Given information
_ _ _ _ _

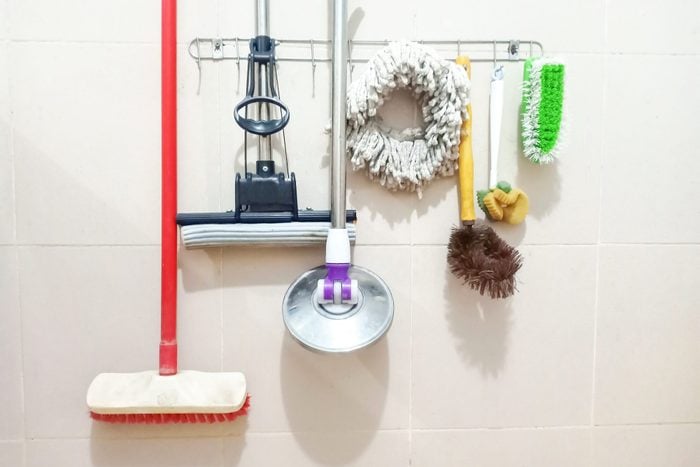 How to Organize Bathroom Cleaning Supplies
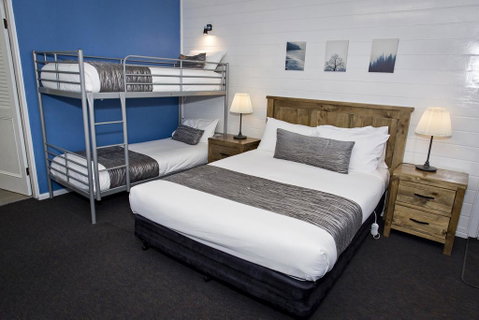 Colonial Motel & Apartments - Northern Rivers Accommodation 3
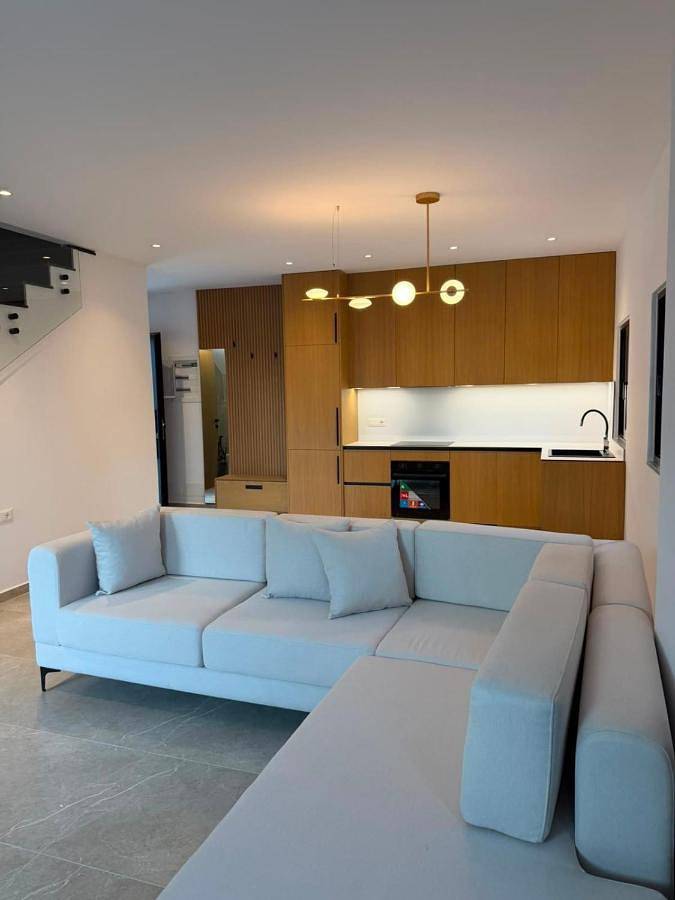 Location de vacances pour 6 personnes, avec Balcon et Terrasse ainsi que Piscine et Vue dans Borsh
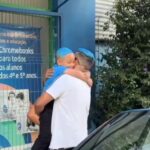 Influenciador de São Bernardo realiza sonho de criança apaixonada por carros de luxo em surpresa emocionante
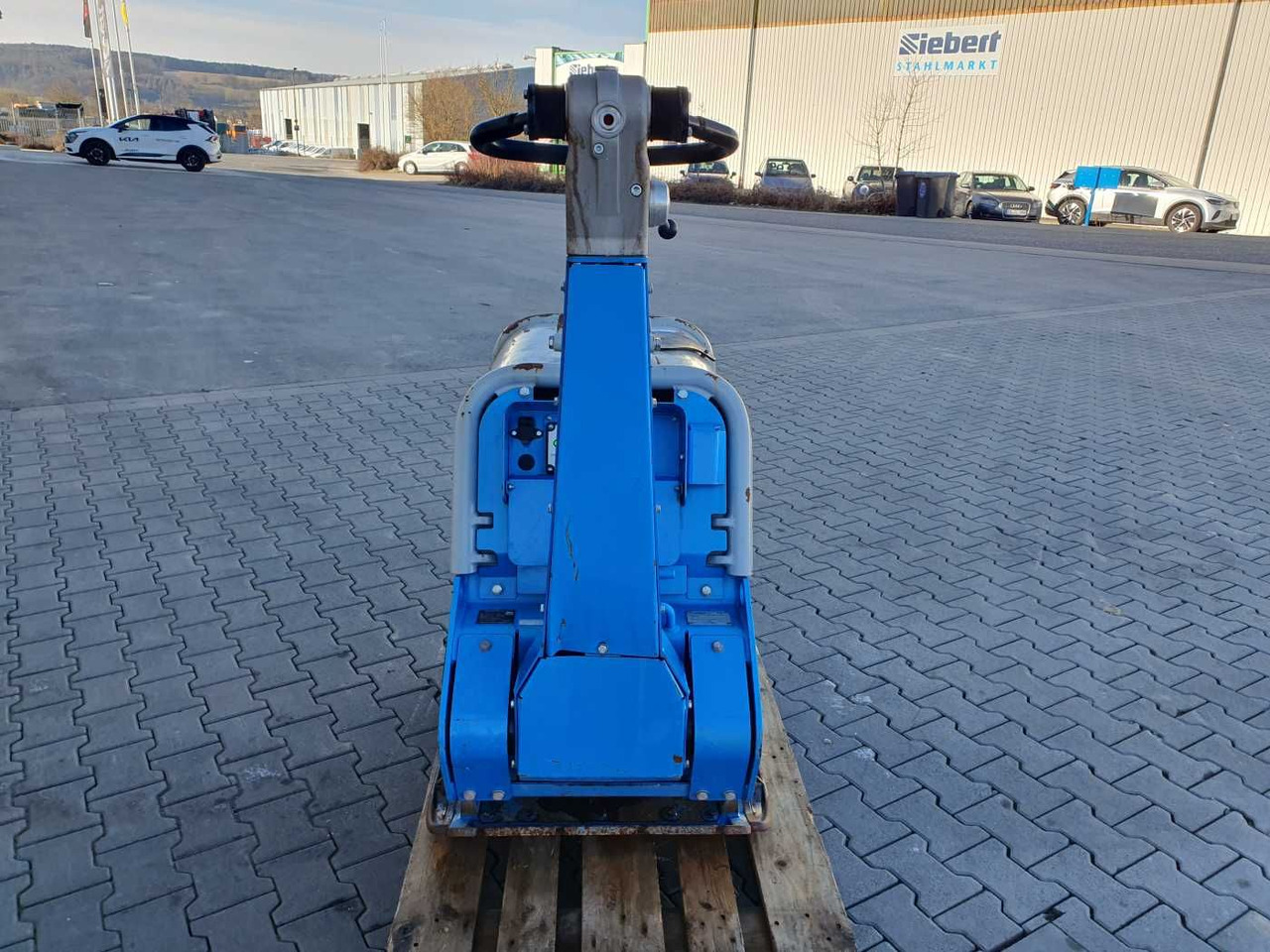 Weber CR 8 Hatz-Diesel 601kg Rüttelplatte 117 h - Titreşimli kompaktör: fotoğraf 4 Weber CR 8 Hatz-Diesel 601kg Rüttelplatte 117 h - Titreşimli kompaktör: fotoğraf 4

_ _ _ _ _

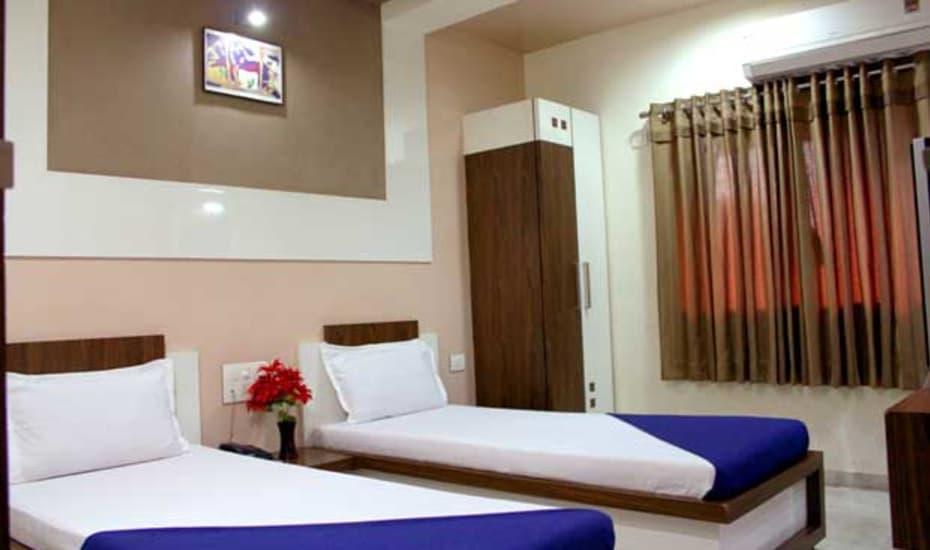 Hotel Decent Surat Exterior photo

_ _ _ _ _

Instructions to follow
Transcribe, word for word, the lines of the listing above from the one that contains "Colonial Motel &" through the one that contains "fotoğraf 4 Weber", keeping both ends and dropping the pictures.

Answer section
 Colonial Motel & Apartments - Northern Rivers Accommodation 3
 Location de vacances pour 6 personnes, avec Balcon et Terrasse ainsi que Piscine et Vue dans Borsh
 Influenciador de São Bernardo realiza sonho de criança apaixonada por carros de luxo em surpresa emocionante
 Weber CR 8 Hatz-Diesel 601kg Rüttelplatte 117 h - Titreşimli kompaktör: fotoğraf 4 Weber CR 8 Hatz-Diesel 601kg Rüttelplatte 117 h - Titreşimli kompaktör: fotoğraf 4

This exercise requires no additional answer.